Activity: Every entry that follows must be written out exactly, apart from its pictures.

Entries provided:
*** Block opens ***
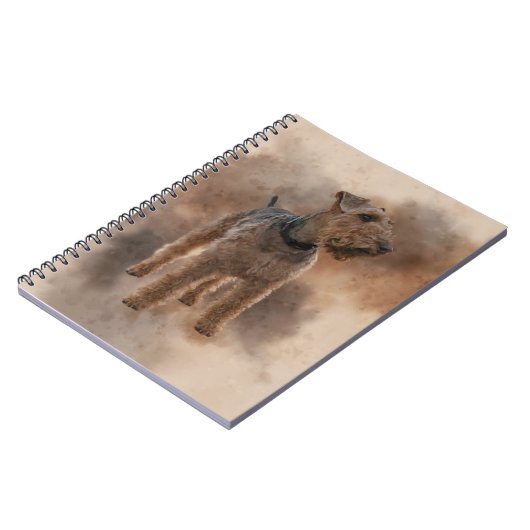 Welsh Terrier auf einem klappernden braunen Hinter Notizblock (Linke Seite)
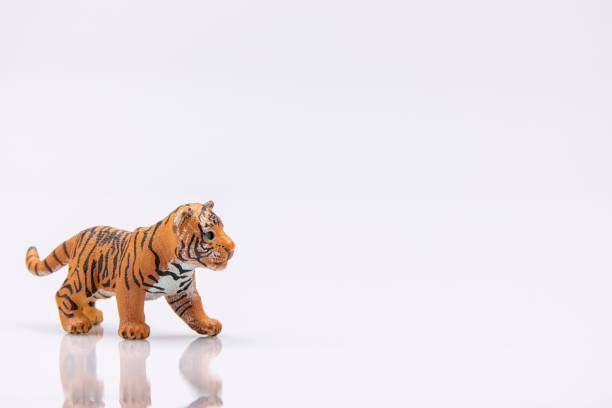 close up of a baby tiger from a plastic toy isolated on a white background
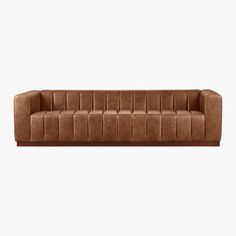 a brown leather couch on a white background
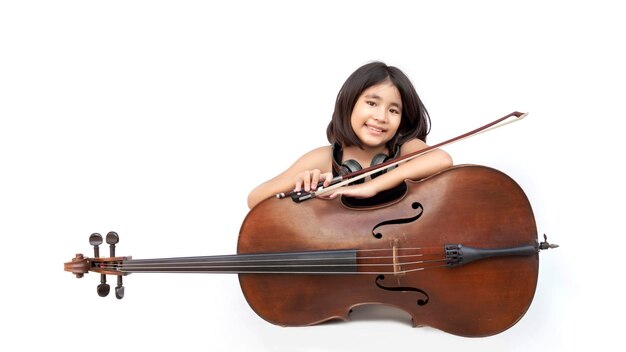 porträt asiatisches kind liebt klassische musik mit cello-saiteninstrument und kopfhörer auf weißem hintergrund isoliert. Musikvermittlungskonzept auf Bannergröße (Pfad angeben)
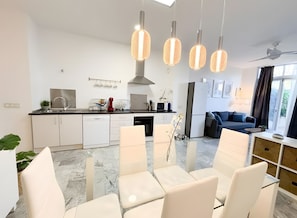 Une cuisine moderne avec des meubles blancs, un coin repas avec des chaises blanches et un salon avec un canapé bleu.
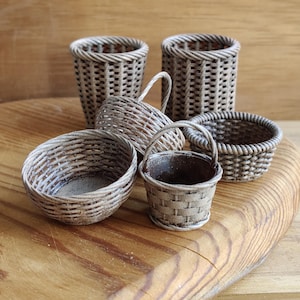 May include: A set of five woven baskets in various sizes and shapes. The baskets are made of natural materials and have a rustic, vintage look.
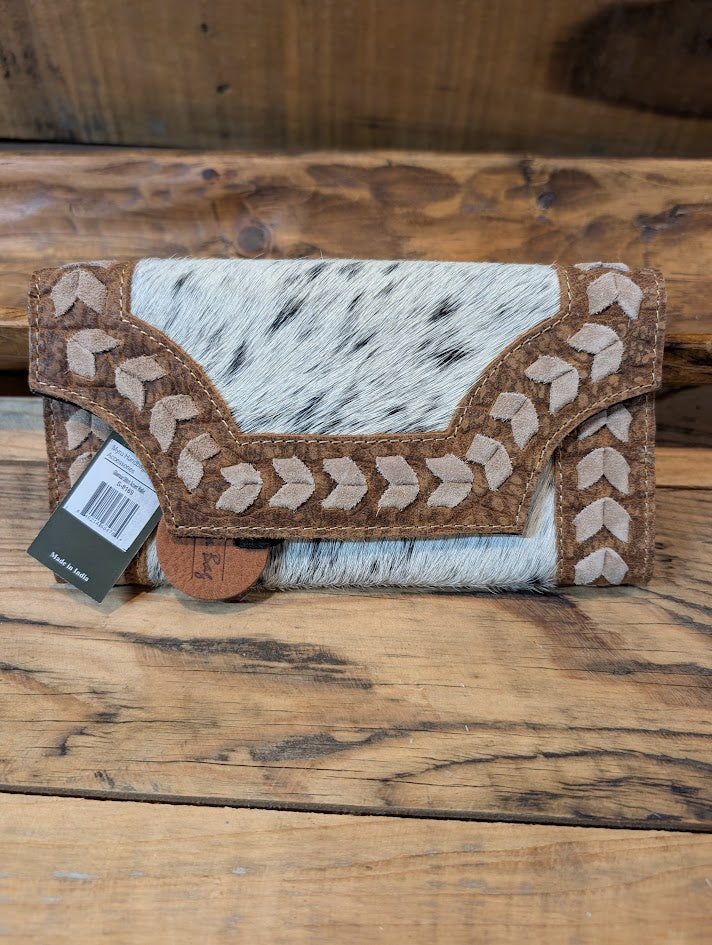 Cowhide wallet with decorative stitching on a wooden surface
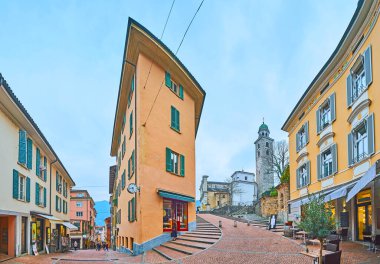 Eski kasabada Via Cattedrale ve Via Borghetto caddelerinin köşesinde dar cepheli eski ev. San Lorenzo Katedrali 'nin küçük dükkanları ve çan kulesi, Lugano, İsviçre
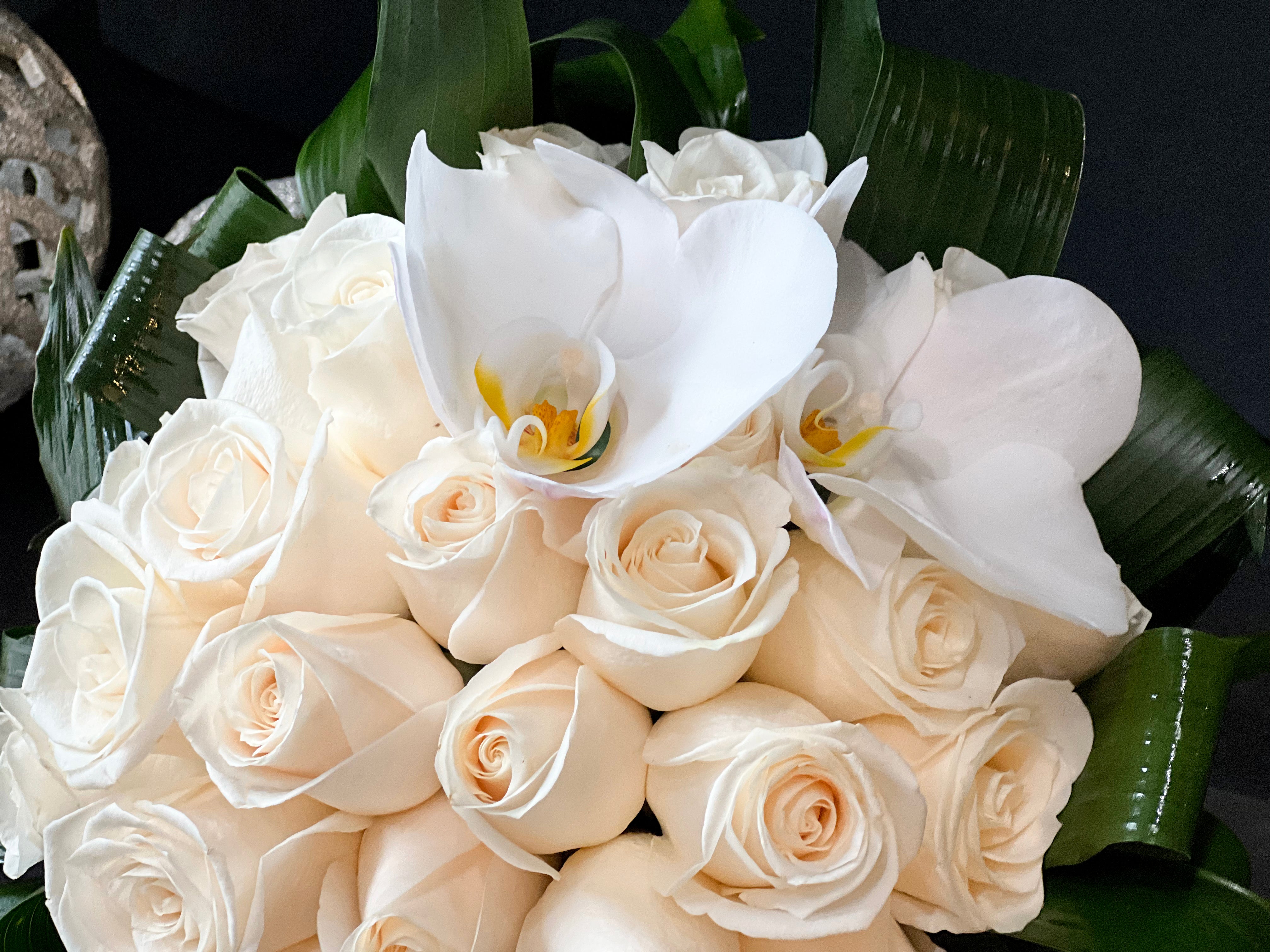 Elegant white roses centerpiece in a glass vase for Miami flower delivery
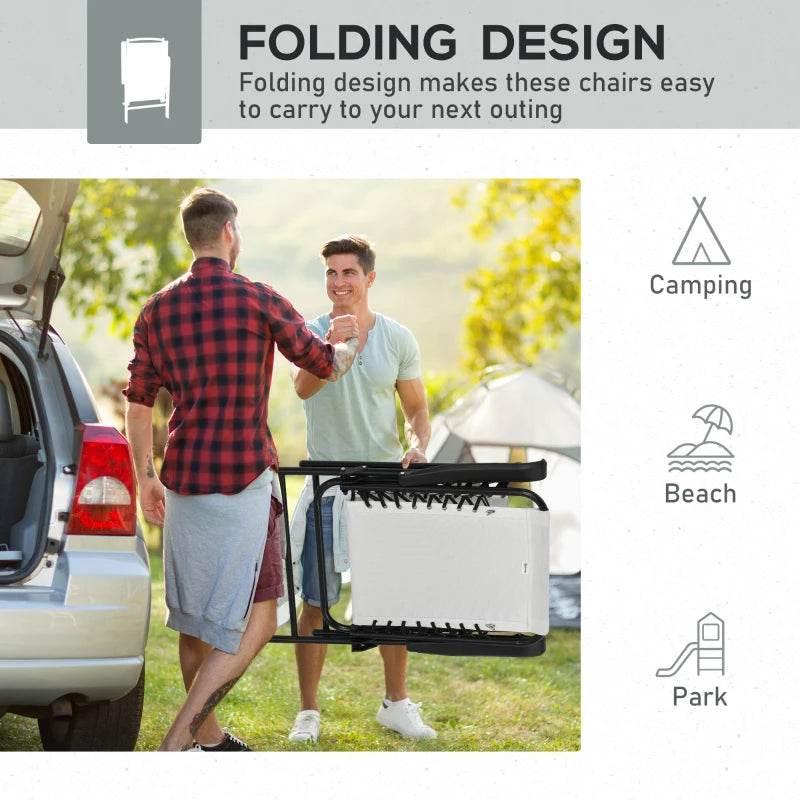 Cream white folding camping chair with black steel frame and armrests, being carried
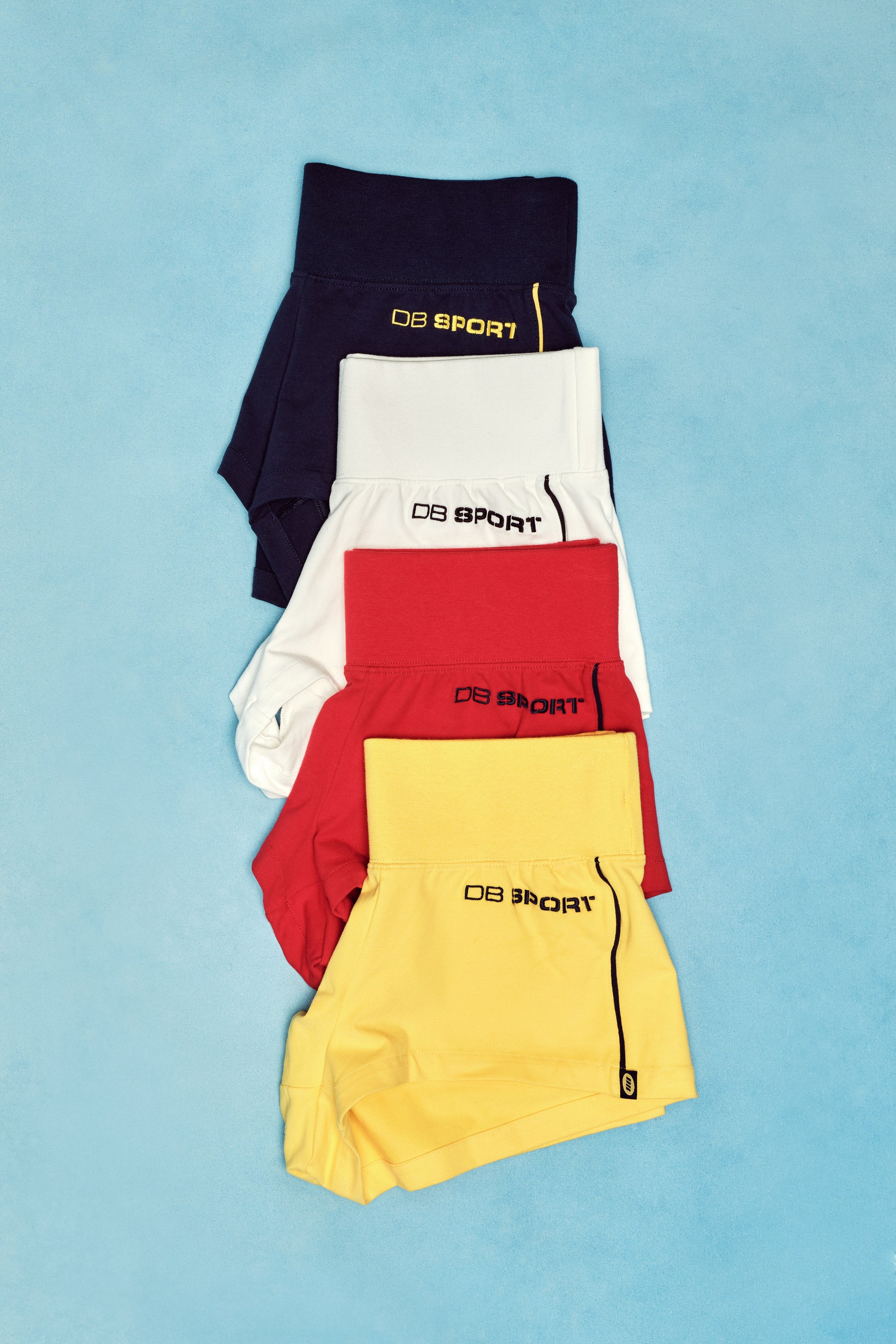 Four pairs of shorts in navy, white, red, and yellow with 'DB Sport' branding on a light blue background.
*** Block closes ***
Answer area:
 Welsh Terrier auf einem klappernden braunen Hinter Notizblock (Linke Seite)
 close up of a baby tiger from a plastic toy isolated on a white background
 a brown leather couch on a white background
 porträt asiatisches kind liebt klassische musik mit cello-saiteninstrument und kopfhörer auf weißem hintergrund isoliert. Musikvermittlungskonzept auf Bannergröße (Pfad angeben)
 Une cuisine moderne avec des meubles blancs, un coin repas avec des chaises blanches et un salon avec un canapé bleu.
 May include: A set of five woven baskets in various sizes and shapes. The baskets are made of natural materials and have a rustic, vintage look.
 Cowhide wallet with decorative stitching on a wooden surface
 Eski kasabada Via Cattedrale ve Via Borghetto caddelerinin köşesinde dar cepheli eski ev. San Lorenzo Katedrali 'nin küçük dükkanları ve çan kulesi, Lugano, İsviçre
 Elegant white roses centerpiece in a glass vase for Miami flower delivery
 Cream white folding camping chair with black steel frame and armrests, being carried
 Four pairs of shorts in navy, white, red, and yellow with 'DB Sport' branding on a light blue background.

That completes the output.